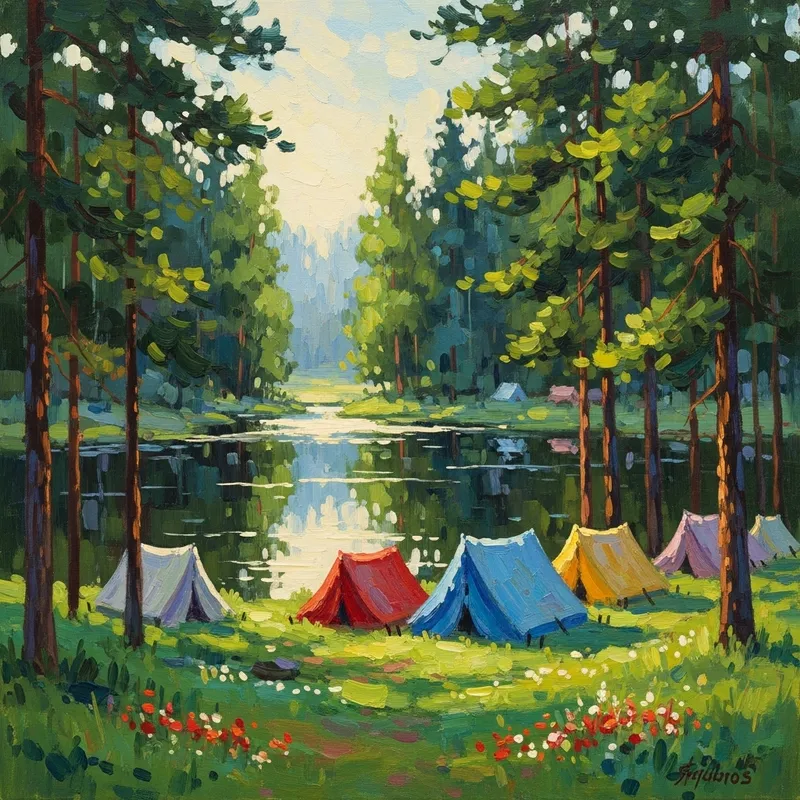 Explore Summer Camps in (SUBJECT) | Find Your Perfect Camp in (STYLE) Explore Summer Camps in (SUBJECT) | Find Your Perfect Camp in (STYLE)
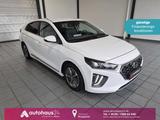Hyundai IONIQ 1.6 GDI Style-Paket Plug-In Hybrid - gebrauchte Hyundai IONIQ aus dem Jahr 2022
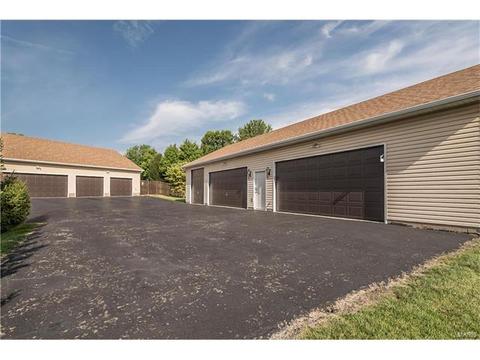 52 Waynesboro Ct, Weldon Spring, MO 63304 photo 55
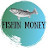 @FishinMoney-Darren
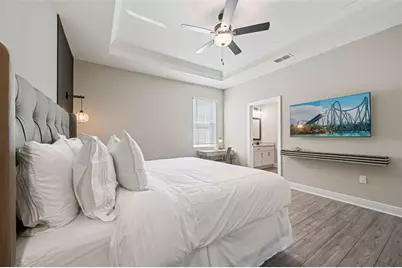 7796 Somersworth Drive, Kissimmee, FL 34747 - Photo 17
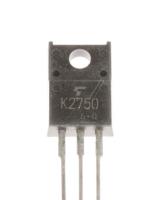 Grundig Mos-fet-transistoren                                         C00952415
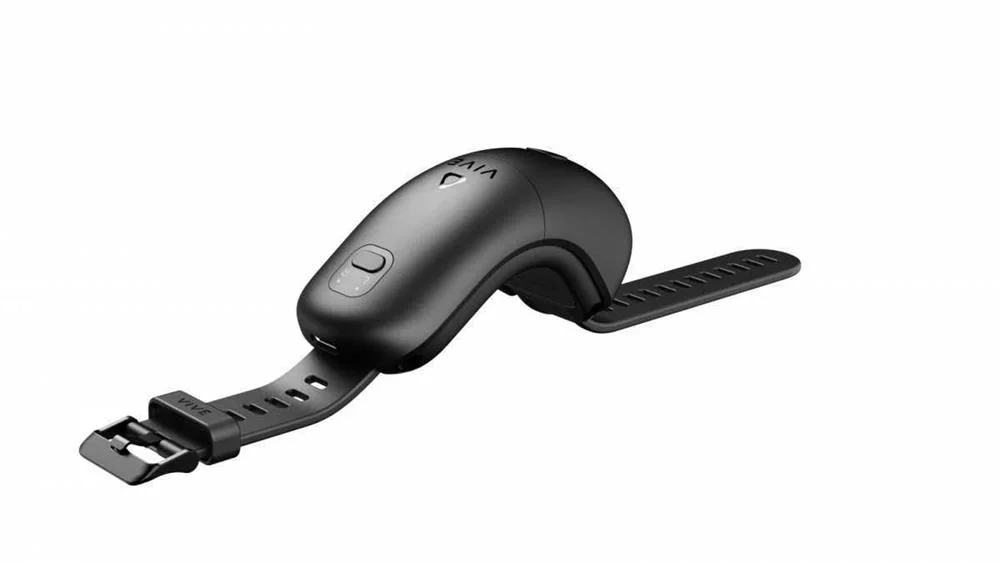 Wrist Tracker For Focus 3      Accs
_ _ _ _ _ _ _
# Exercise:
Please print all the data above word for word. Pictures should not appear in the copy.

# Your solution:
 Explore Summer Camps in (SUBJECT) | Find Your Perfect Camp in (STYLE) Explore Summer Camps in (SUBJECT) | Find Your Perfect Camp in (STYLE)
Hyundai IONIQ 1.6 GDI Style-Paket Plug-In Hybrid - gebrauchte Hyundai IONIQ aus dem Jahr 2022
 52 Waynesboro Ct, Weldon Spring, MO 63304 photo 55
 @FishinMoney-Darren
 7796 Somersworth Drive, Kissimmee, FL 34747 - Photo 17
 Grundig Mos-fet-transistoren                                         C00952415
 Wrist Tracker For Focus 3      Accs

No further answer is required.